Problem details: Set down, please, the line that contains "this 640×480 image." and every line that follows it to the end of the records, exactly; do not include pictures.

Extracted entries:
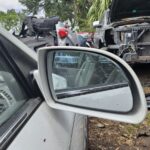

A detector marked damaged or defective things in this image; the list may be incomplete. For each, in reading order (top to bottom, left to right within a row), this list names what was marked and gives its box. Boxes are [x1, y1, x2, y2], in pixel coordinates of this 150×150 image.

wrecked vehicle [93, 0, 150, 63]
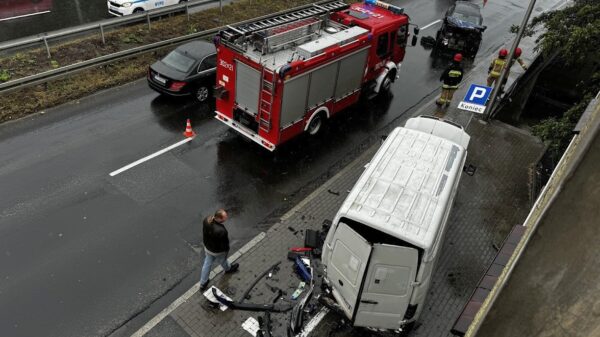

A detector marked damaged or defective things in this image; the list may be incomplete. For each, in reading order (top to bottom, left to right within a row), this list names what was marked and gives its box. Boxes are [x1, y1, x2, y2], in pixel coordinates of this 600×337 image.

detached car part on road [436, 1, 488, 57]
detached car part on road [147, 39, 217, 101]
detached car part on road [324, 115, 468, 330]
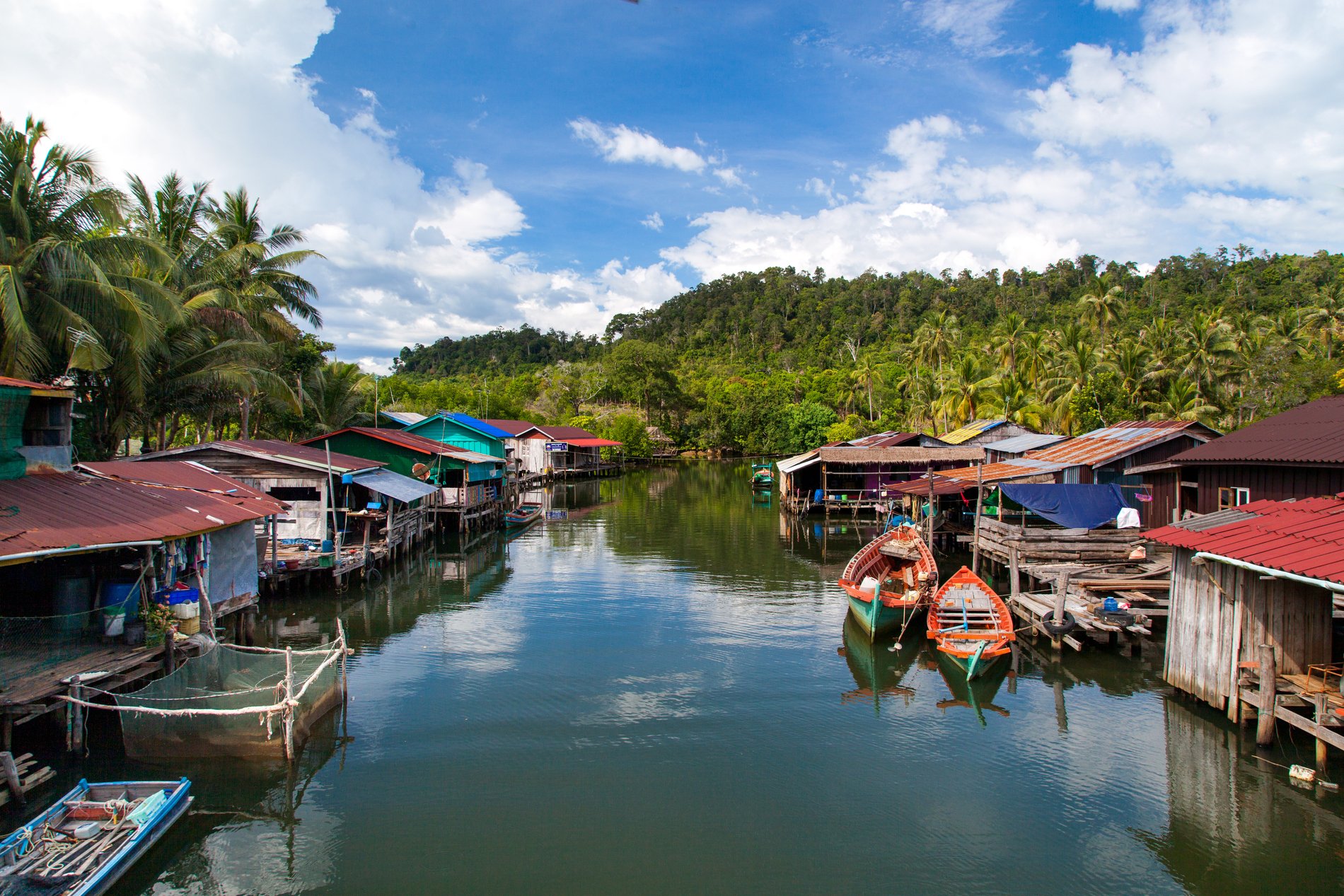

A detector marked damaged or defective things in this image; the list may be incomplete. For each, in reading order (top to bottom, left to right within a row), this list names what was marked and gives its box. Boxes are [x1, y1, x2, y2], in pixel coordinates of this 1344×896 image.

rusty red roof [0, 467, 277, 560]
rusty red roof [81, 461, 287, 509]
rusty red roof [135, 436, 385, 472]
rusty red roof [922, 421, 1217, 487]
rusty red roof [1149, 492, 1344, 583]
rusty red roof [1171, 393, 1344, 464]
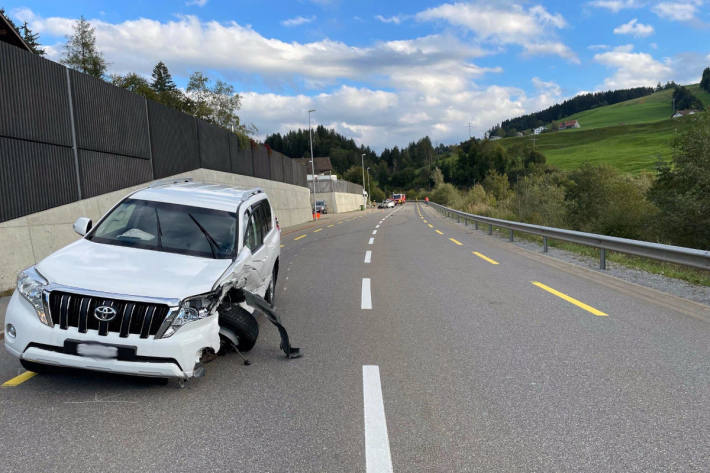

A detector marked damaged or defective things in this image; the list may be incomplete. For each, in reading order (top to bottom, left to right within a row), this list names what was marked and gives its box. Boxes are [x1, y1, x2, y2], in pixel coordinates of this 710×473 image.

damaged white suv [6, 180, 284, 380]
detached wheel [220, 304, 262, 352]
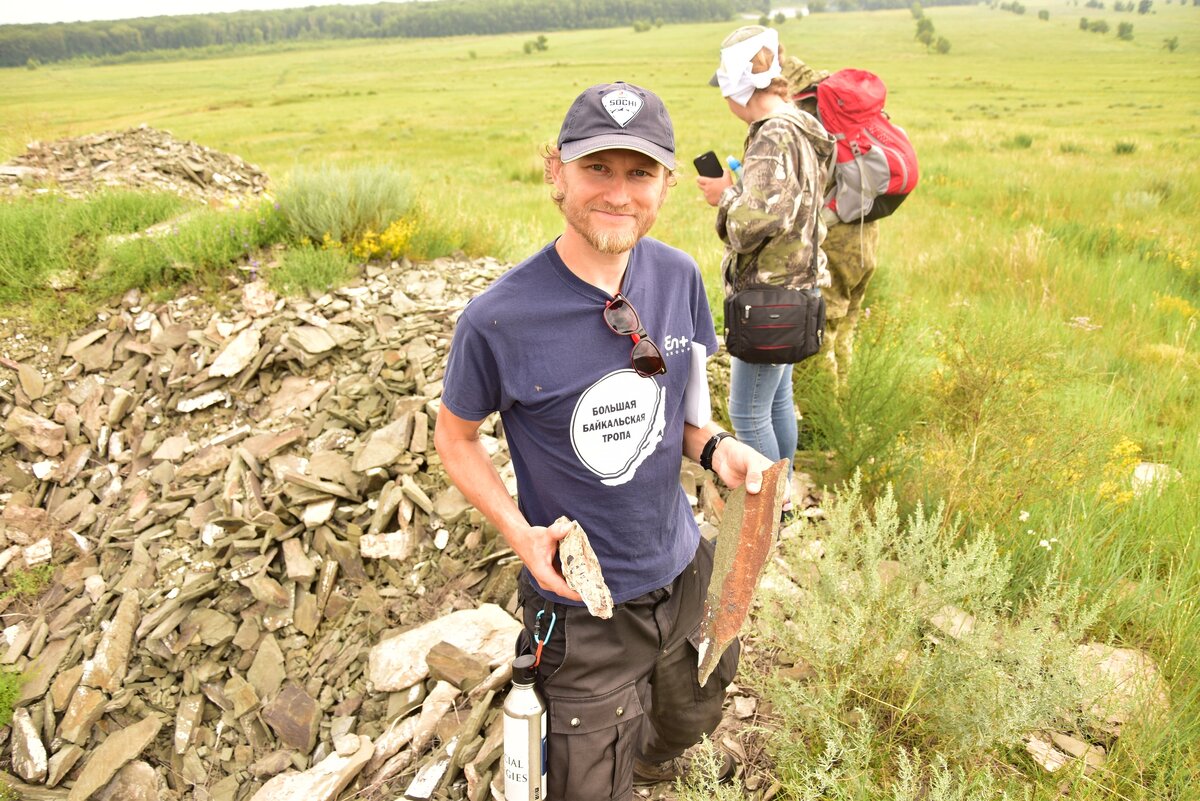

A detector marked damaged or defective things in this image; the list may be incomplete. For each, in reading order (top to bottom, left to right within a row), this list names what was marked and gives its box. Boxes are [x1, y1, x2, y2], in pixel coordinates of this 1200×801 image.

rusty metal piece [556, 516, 616, 620]
rusty metal piece [692, 460, 788, 684]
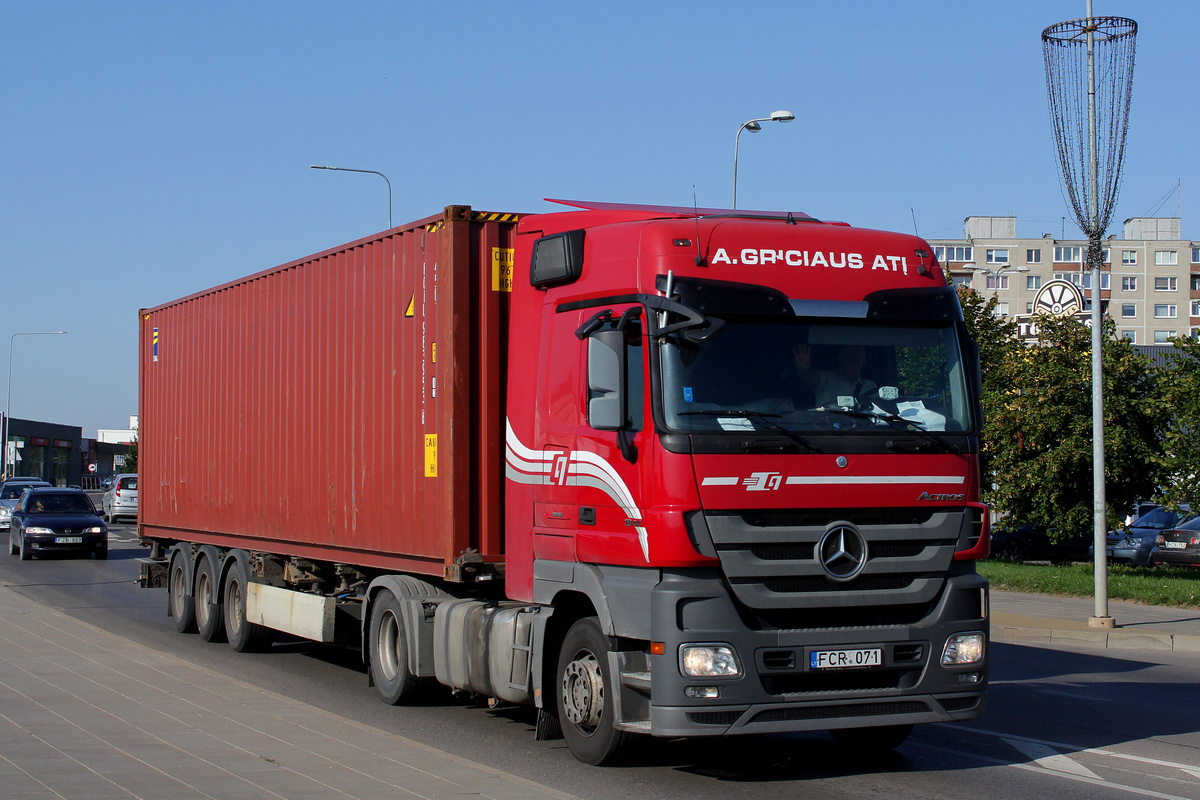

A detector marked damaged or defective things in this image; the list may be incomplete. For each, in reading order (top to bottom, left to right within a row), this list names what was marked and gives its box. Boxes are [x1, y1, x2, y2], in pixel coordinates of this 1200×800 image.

rusty shipping container [137, 206, 520, 578]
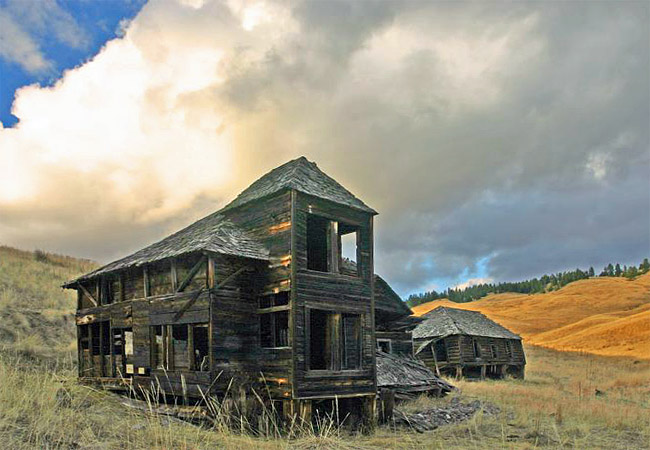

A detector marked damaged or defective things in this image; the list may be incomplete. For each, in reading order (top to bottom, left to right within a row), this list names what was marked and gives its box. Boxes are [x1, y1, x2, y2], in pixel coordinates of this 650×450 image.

broken window frame [258, 290, 288, 350]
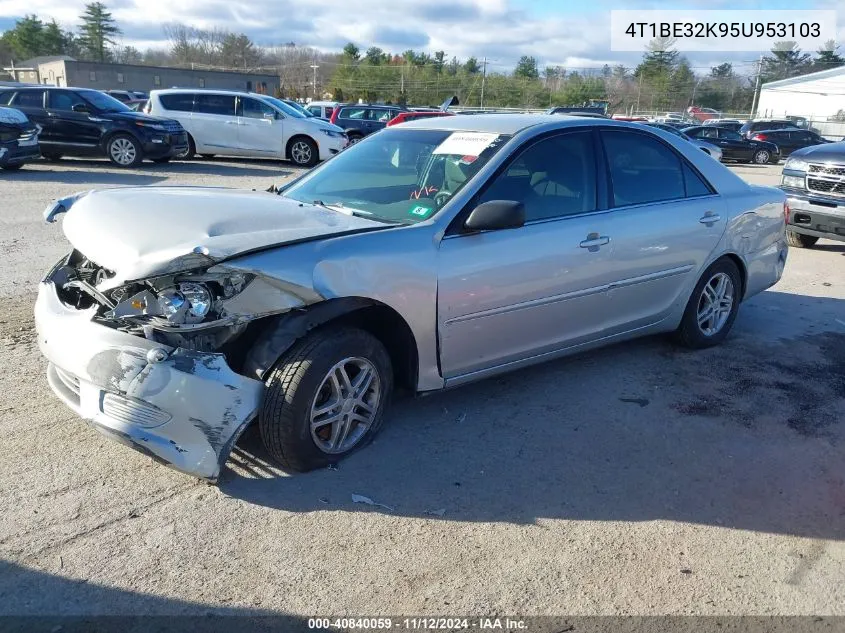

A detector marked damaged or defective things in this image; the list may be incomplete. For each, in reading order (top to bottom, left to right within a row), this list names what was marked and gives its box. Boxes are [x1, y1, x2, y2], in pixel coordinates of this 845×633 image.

crumpled hood [60, 184, 386, 280]
detached front bumper [34, 282, 264, 478]
damaged front end [37, 249, 310, 482]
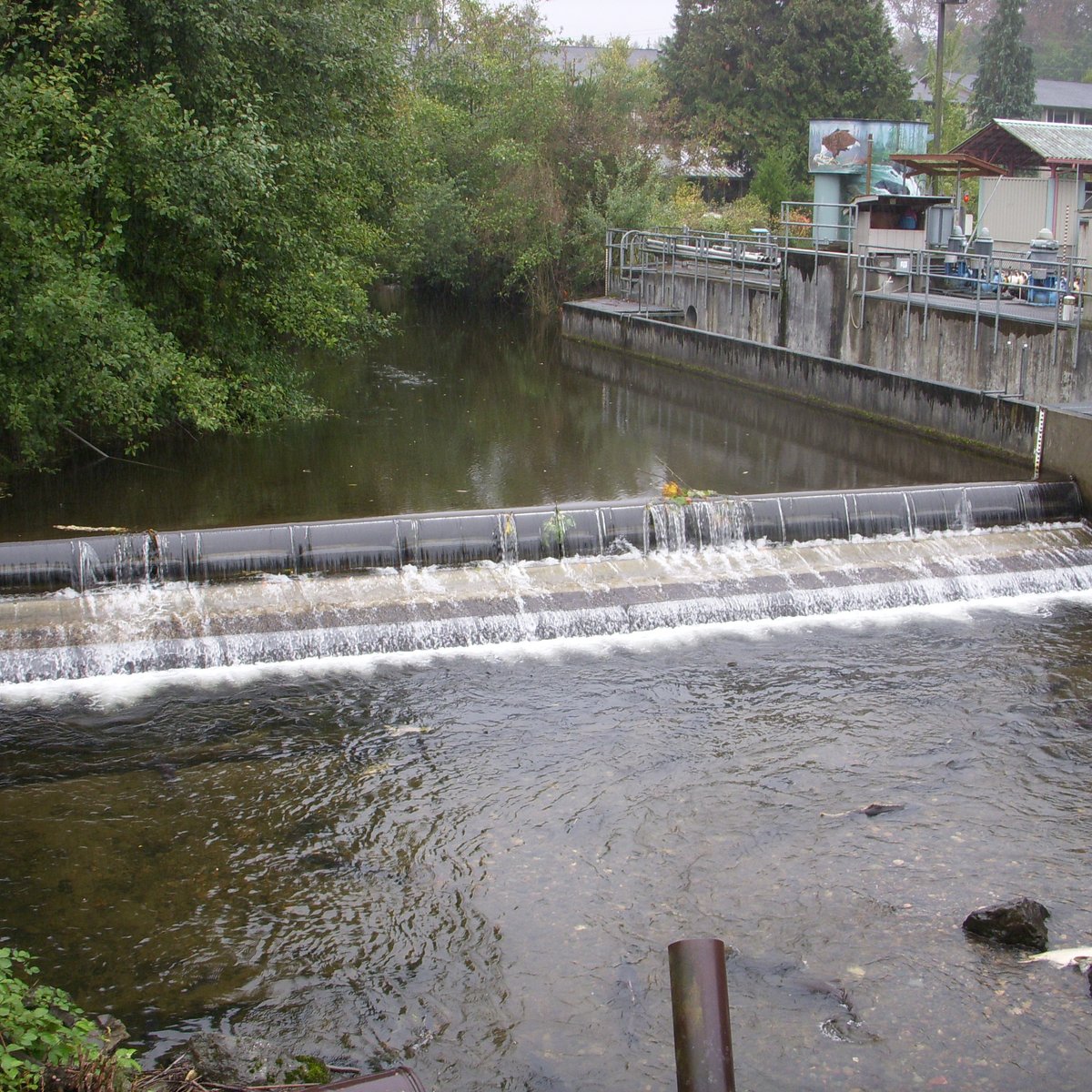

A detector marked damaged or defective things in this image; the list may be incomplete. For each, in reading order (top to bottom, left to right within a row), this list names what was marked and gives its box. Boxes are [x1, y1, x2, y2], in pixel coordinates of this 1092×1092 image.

rusty metal pipe [663, 939, 733, 1092]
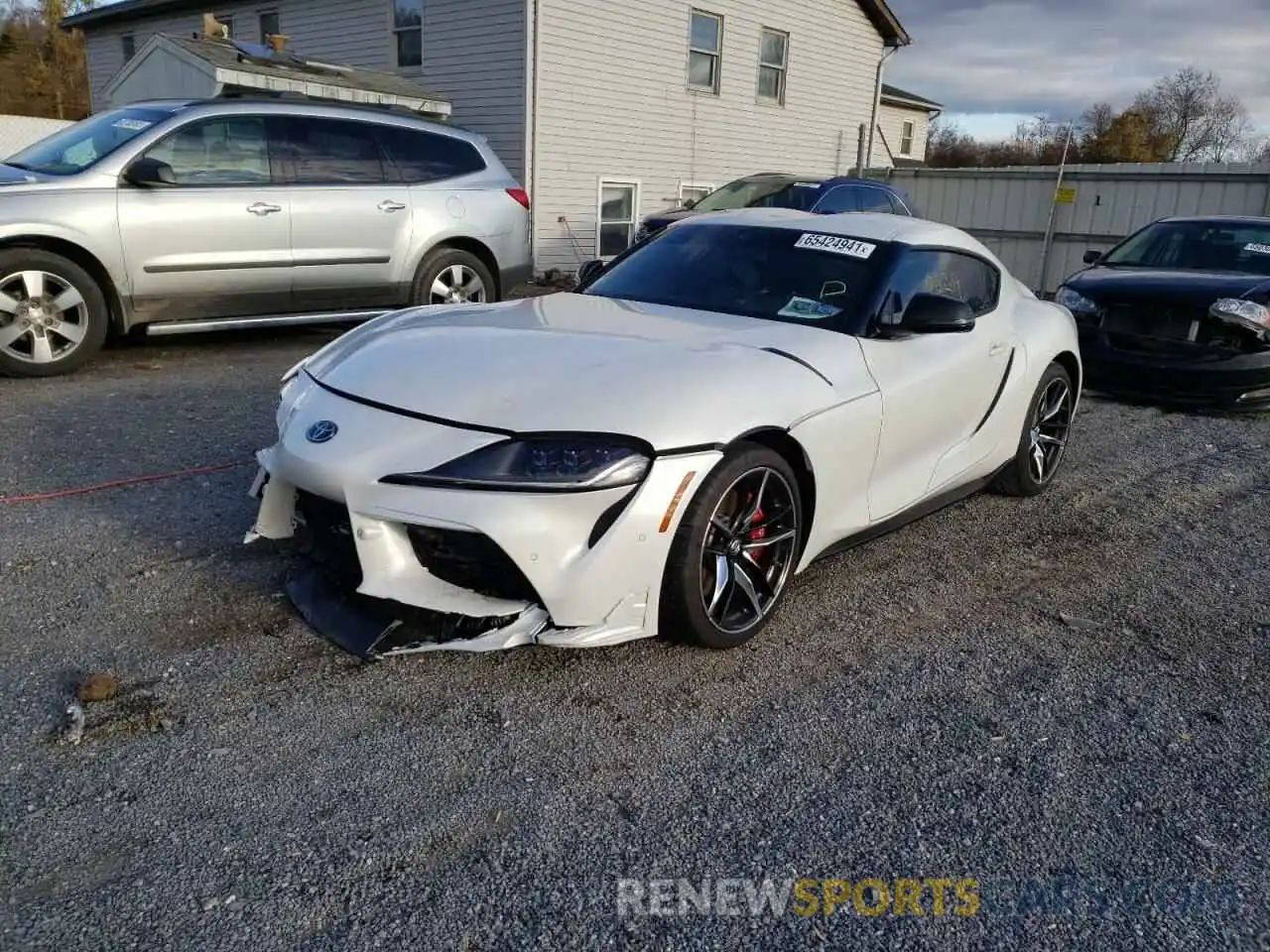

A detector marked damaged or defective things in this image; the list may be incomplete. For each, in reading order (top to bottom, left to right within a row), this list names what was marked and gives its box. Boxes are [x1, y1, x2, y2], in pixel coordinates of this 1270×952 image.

damaged white toyota supra [246, 208, 1080, 654]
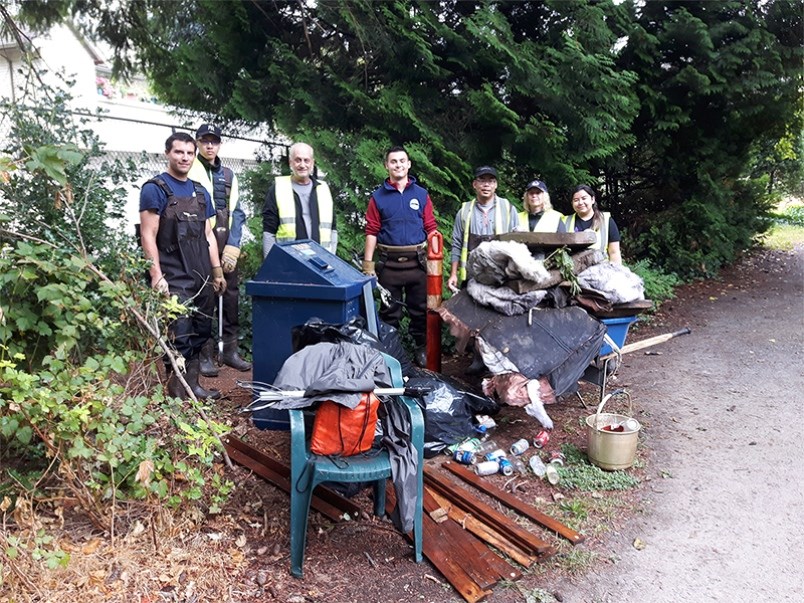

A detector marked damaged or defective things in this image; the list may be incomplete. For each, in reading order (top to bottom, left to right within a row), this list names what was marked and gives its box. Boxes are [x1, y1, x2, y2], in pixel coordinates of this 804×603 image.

broken furniture [288, 354, 428, 580]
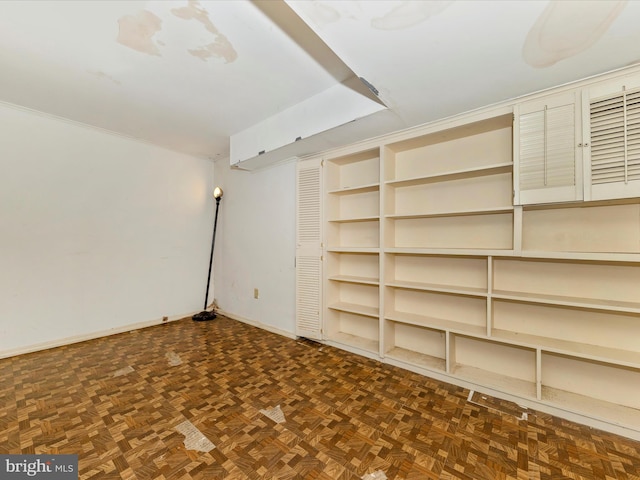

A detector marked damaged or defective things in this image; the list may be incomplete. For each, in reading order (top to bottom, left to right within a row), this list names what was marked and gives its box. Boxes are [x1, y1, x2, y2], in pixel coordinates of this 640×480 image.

peeling paint on ceiling [117, 9, 164, 56]
peeling paint on ceiling [528, 0, 628, 68]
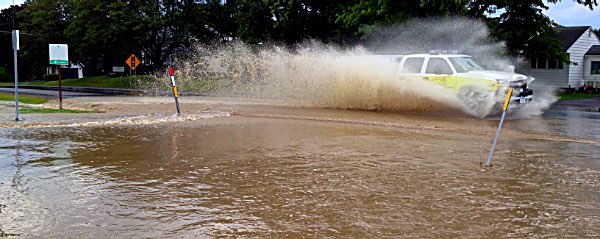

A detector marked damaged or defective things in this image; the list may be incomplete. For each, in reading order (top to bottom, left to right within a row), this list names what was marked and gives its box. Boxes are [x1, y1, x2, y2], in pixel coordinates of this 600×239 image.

bent sign post [49, 44, 68, 109]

Answer section:
A detector marked damaged or defective things in this image; the list may be incomplete. For each, in reading order (top to bottom, left to right within a row), this list names what was marked and gives its box. Boxes are [x1, y1, x2, y2], in pixel coordinates of this 640×480 image.

peeling paint on ceiling [117, 9, 164, 56]
peeling paint on ceiling [528, 0, 628, 68]

A detector marked damaged or defective things in this image; the list may be incomplete. For each, in reading order (top to bottom, left to right within a row), this list names what was marked and gives its box. Boxes are [x1, y1, x2, y2], in pixel coordinates of this 600×239 image.

bent sign post [49, 44, 68, 109]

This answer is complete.